The poster child for this approach was the identification of a previously unknown role for sortilin-1 in lipoprotein metabolism. Four common GWAS-identified SNPs associated with LDL-C and CAD lie in a noncoding DNA region on chromosome 1p31 between 2 genes, CELSR2 and PSRC1, and downstream of SORT1. In a series of elegant studies, including primary human hepatocytes, Musunuru et al¹³⁷ demonstrated that these SNPs have the strongest hepatocyte eQTL effect for SORT1 and that one of these, rs12740374, creates a C/EBP (CCAAT/enhancer binding protein) transcription factor–binding site and alters the hepatic expression of SORT1 gene, encoding sortilin-1. In further studies in the mouse, genetically increased hepatic sortilin expression was shown to both reduce hepatic APOB secretion and increase LDL catabolism, providing dual mechanisms for the strong association between increased hepatic sortilin-1 expression and reduced plasma LDL-C levels in humans.¹³⁸

In another recent investigation of GWAS significant loci, Sazonova et al¹³⁹ used a complex series of bioinformatic, molecular, cell biology, and system genetic approaches to show that the transcription factor, TCF21, regulates a transcriptional network linking multiple independent CAD loci. The same group demonstrated that TCF21 regulates the development of the epicardial progenitor cells that give risk to smooth muscle cells that contribute to the fibrous cap.¹⁴⁰ Similar approaches have provided new insight into the roles of PHACTR1¹⁴¹ and ADAMTS7¹⁴² in atherosclerosis. ADAMTS7 plays a role in the regulation of vascular smooth muscle cell migration, and Bauer et al¹⁴³ recently demonstrated that Adamsts7^−/− mice were protected from atherosclerosis on an Ldlr^−/− or Apoe^−/− background and showed reduced neointimal formation after femoral wire injury and that Adamsts7^−/− vascular smooth muscle cells showed reduced migration in the setting of tumor necrosis factor-α stimulation, consistent with a proatherogenic effect of ADAMTS7.

Summary

The past decade of research has provided a broader understanding of the genetic architecture of CAD and demonstrates that the genetic basis of CAD largely derives from the cumulative effect of multiple common risk alleles individually of small effect size rather than rare variants with large effects on CAD risk. Although traditional risk factors remain important, application of these data using a systems genetics approach has pointed to substantial roles for genes and pathways relevant to vessel wall biology and immune function.

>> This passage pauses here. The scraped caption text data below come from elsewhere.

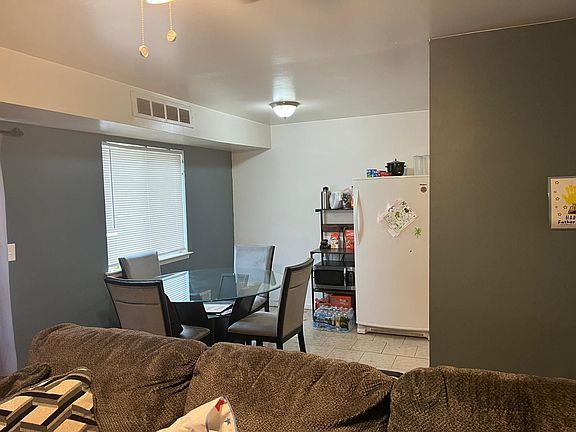 4th image of 15554 Dupage Blvd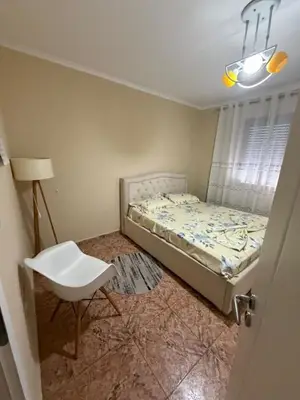 Apartament 2+1 me qera në Varri i Bamit, Tiranë, 90 m². Foto 4 nga 9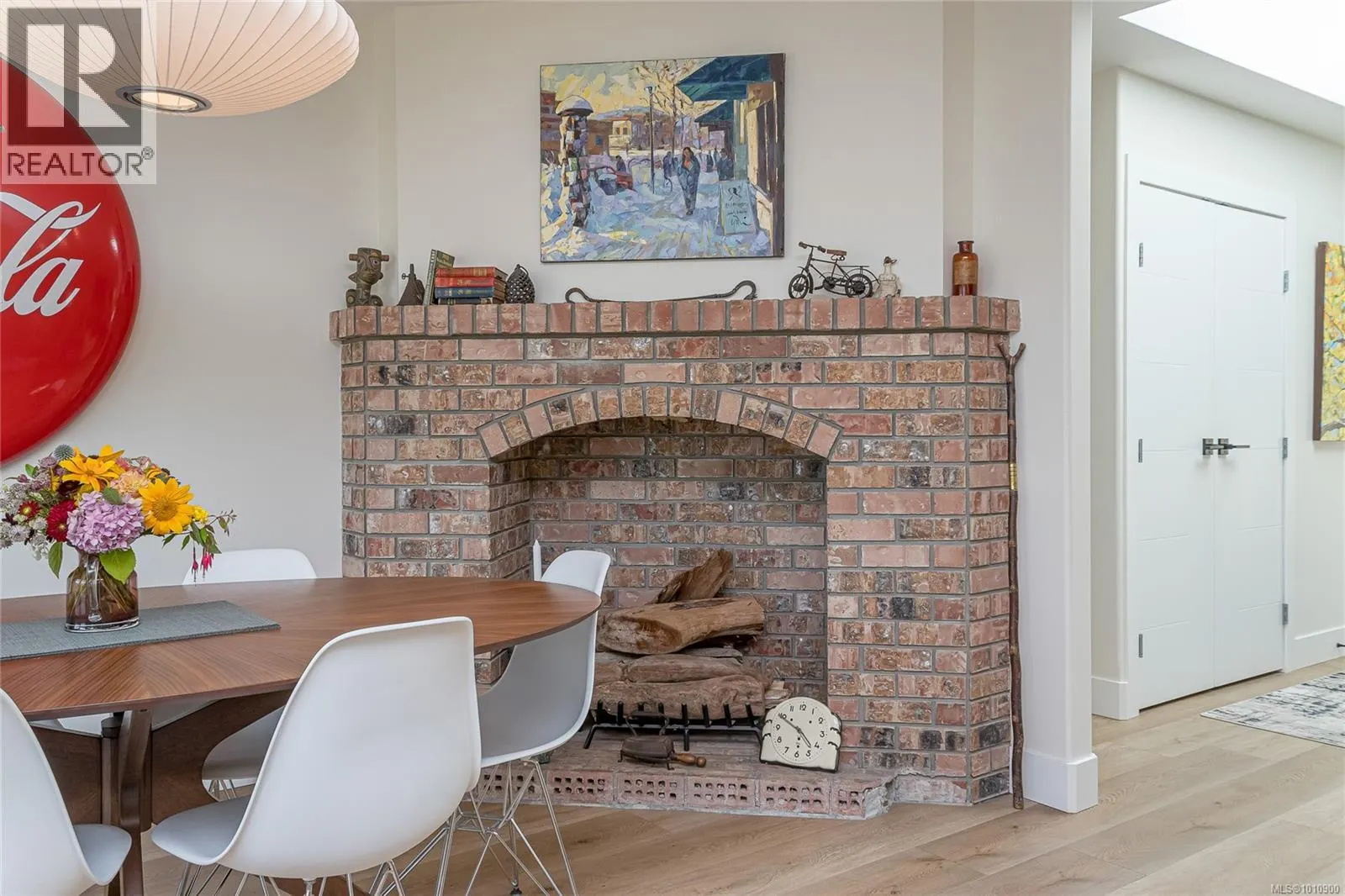 143 Denman Dr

A major priority is to apply high-throughput methodology to understand at the molecular and cellular levels the function of each of the novel loci; the majority of which are in noncoding regions of the genome. Beyond functional insight into disease mechanisms, these data have proven clinical utility for interrogation of biomarker causality and drug discovery, through MR, creation of a GRS with predictive power to better identify those individuals who will benefit most from statin therapy.